**WHAT THIS TASK INVOLVES:** Repeat the whole listing word for word, skipping pictures.

**EXCERPTED RECORDS:**
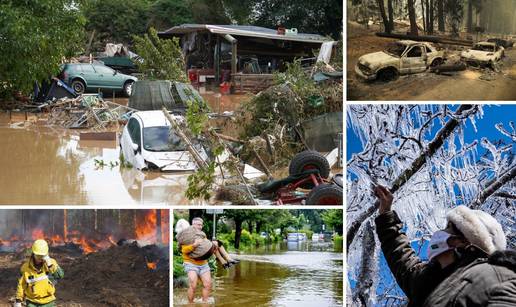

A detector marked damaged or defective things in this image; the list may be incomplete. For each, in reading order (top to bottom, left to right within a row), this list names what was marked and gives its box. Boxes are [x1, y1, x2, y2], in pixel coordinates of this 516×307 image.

destroyed vehicle [60, 64, 139, 98]
burned car [354, 40, 444, 81]
destroyed vehicle [354, 41, 444, 82]
burned car [460, 41, 504, 66]
destroyed vehicle [460, 42, 504, 66]
destroyed vehicle [120, 111, 207, 173]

**EXERCISE RESULT:**
A detector marked damaged or defective things in this image; the list may be incomplete. For each, in reading order (top to bottom, left to right within a row), this list names what was marked and gives its box. Boxes are [x1, y1, x2, y2], in pixel coordinates of this 516×307 image.

destroyed vehicle [60, 64, 139, 98]
burned car [354, 40, 444, 81]
destroyed vehicle [354, 41, 444, 82]
burned car [460, 41, 504, 66]
destroyed vehicle [460, 42, 504, 66]
destroyed vehicle [120, 111, 207, 173]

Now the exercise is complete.